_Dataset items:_
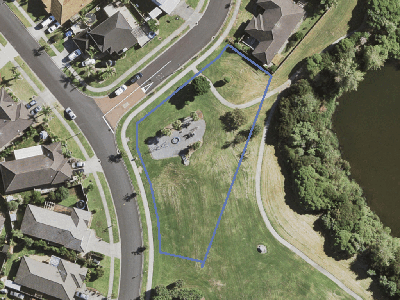 Open Space  Informal Recreation Zone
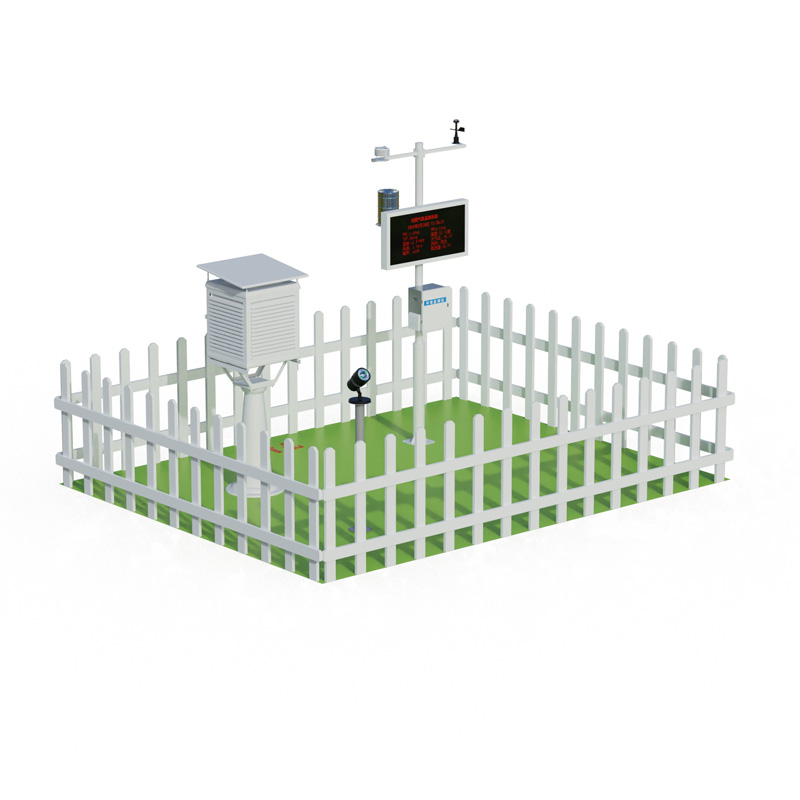 校園科普氣象站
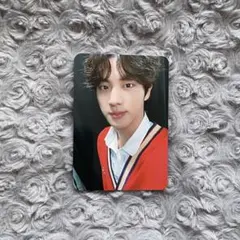 BTS アミボム MOS  ジン トレカ ミニフォト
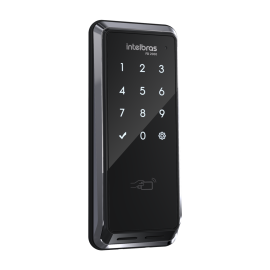Fechadura digital de sobrepor FD 2000 INTELBRAS - 1   SP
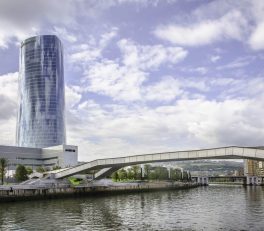 Bilbao Torre Iberdrola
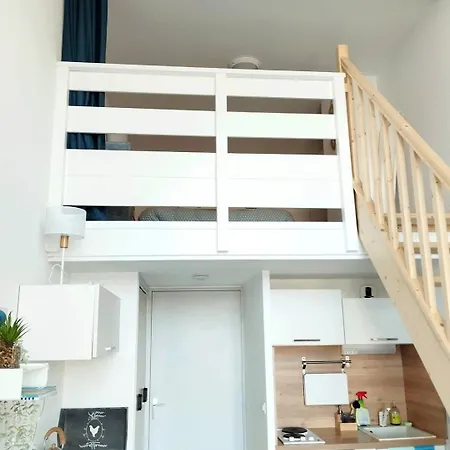 Apartmán Le Cosy De La Corniche D'or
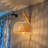 Witherbee Rattan Plug-in Armed Sconce-1326110083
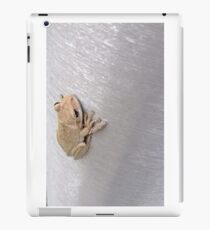 It Creeps Up On You iPad Case/Skin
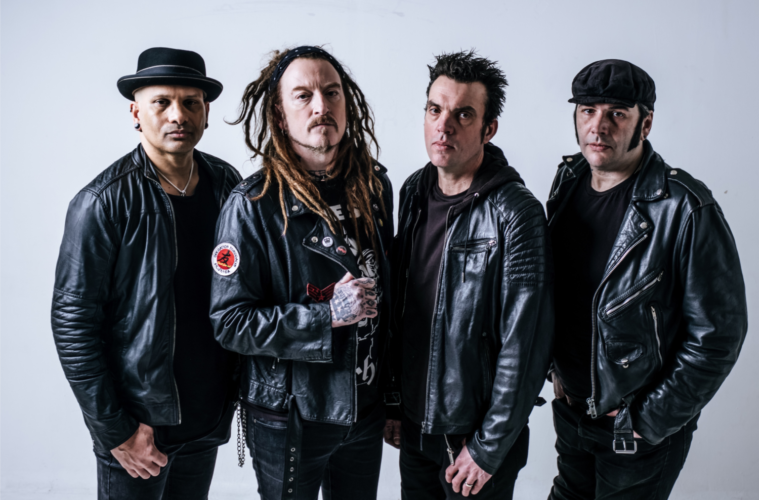 Brit rockers the Wildhearts Don’t Do Bad Albums 38 Wildhearts Tony Woolliscroft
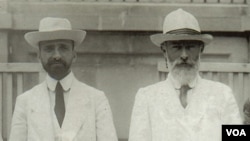 ნოე რამიშვილი და ნოე ჟორდანია, საქართველოს პირველი რესპუბლიკის ორი ლიდერი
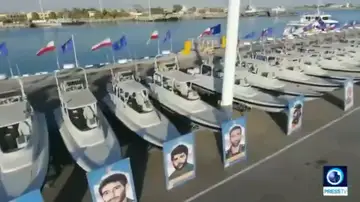 La 'flota mosquito' La 'flota mosquito'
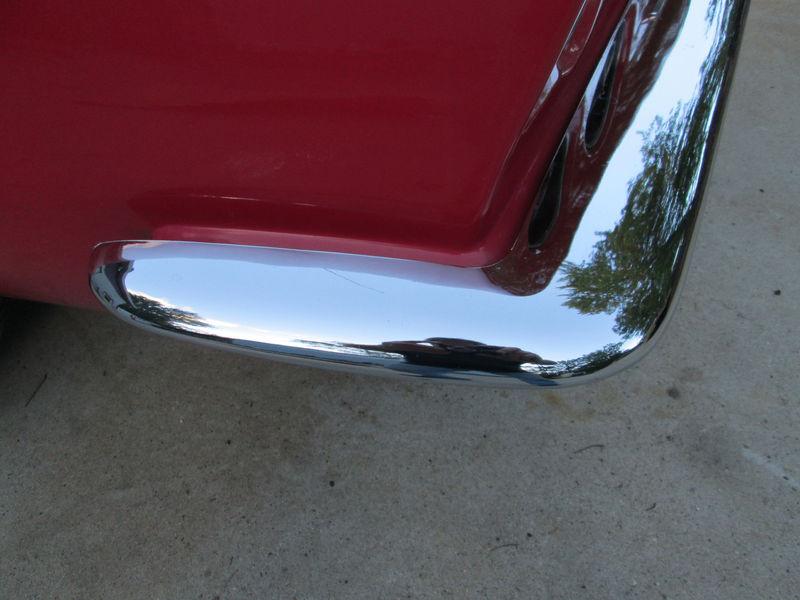 68-73 CORVETTE REAR BUMPERS CHROME METAL RIGHT & LEFT OEM GM C3 NR, US $350.00, image 2
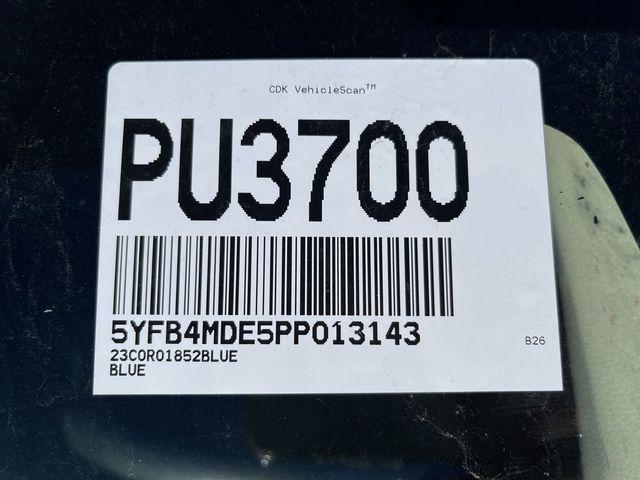 used 2023 Toyota Corolla car, priced at $18,900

_WHAT TO PRODUCE:_ Pictures do not belong in the copy. Repeat only the lines from the top of the records through the line containing "Witherbee Rattan Plug-in".

_ANSWER TO THIS EXERCISE:_
 Open Space  Informal Recreation Zone
 校園科普氣象站
 BTS アミボム MOS  ジン トレカ ミニフォト
Fechadura digital de sobrepor FD 2000 INTELBRAS - 1   SP
 Bilbao Torre Iberdrola
 Apartmán Le Cosy De La Corniche D'or
 Witherbee Rattan Plug-in Armed Sconce-1326110083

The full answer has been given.